Specifically, we answered:
- [For Curtis]: I have not been attending church for several years and want to start going again. Do you have any advice on selecting a church?
- [For David]: How should we interact with family members and friends who consume a great deal of right wing media?
- [For Curtis]: David’s arguments often stray from “conservative” orthodoxy. I find them thought provoking and well reasoned if not always convincing (but usually convincing). However, your arguments never seem to stray from “progressive” orthodoxy and therefore I find them less convincing and biased. Can you tell us what non progressive stances you take on the issues we face today? (Other than abortion which I am assuming you have a conservative viewpoint on.)
- [For David]: How should Christians think about entertainment and play? Why is it even ok to spend time doing activities such as games or movies? How do you go about consuming entertainment in a healthy way — especially when the content can be a bit violent, sexual, or mystical?

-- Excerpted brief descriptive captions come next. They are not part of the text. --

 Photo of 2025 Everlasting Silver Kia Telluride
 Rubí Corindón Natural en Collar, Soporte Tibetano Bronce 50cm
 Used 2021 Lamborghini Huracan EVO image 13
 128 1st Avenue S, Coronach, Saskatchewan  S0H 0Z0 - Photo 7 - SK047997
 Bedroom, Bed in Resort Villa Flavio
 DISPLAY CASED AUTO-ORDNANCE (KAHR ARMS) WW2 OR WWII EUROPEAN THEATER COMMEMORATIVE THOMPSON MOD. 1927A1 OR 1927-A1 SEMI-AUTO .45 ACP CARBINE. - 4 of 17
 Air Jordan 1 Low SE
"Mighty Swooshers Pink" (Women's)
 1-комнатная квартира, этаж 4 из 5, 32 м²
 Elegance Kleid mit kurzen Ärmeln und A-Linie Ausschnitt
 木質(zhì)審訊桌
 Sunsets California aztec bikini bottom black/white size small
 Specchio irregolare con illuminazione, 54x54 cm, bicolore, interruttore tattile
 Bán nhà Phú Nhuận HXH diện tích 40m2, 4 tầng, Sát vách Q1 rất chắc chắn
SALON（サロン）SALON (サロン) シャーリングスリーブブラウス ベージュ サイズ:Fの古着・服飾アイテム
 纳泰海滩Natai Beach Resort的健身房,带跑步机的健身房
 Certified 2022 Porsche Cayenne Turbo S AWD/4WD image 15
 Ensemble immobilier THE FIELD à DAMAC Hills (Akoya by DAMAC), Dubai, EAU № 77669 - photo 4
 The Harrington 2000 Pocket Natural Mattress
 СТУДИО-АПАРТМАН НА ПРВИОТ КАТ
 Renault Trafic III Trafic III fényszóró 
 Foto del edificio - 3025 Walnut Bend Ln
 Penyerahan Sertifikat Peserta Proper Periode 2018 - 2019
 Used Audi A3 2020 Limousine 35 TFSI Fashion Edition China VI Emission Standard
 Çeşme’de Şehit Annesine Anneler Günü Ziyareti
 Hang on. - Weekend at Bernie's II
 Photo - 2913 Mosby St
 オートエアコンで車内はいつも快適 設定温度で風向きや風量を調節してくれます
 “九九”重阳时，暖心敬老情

- [For Curtis and David]: Pretend that you had to move to the other’s current home town. David, what would you tell Curtis about navigating in central Tennessee, and Curtis, what would you tell David about San Jose? What would you warn them about, and what would you tell them to seek out?
CURTIS CHANG: David, I have a question for you.
“What practical suggestions do you have for those of us who need to interact with fellow believers who are regular consumers of right wing media or are deep into MAGA politics or perhaps Christian nationalism? I find it easier to talk to people to the left of me, but it is challenging to talk to those to the right of me because they get easily upset or defensive and look at me like I’m the crazy one. It’s hard to have a reasonable conversation with them, but I believe it is important to have those conversations, especially when they are family members, coworkers, or fellow church members.”
This is from a principal of an upper school. So he’s asking this because clearly he needs to be interacting with a wide range of people both in his church and I suspect, his school as well.
DAVID FRENCH: Welcome to my life. I live in 85% red area, and a lot of folks, including in my family, extended family, in friendships, folks who are varying degrees of MAGA.
Let’s put people into different buckets, because there are some individuals that the better course of action is to just extricate yourself from the conversation. Politely, in an amiable way, but extricate.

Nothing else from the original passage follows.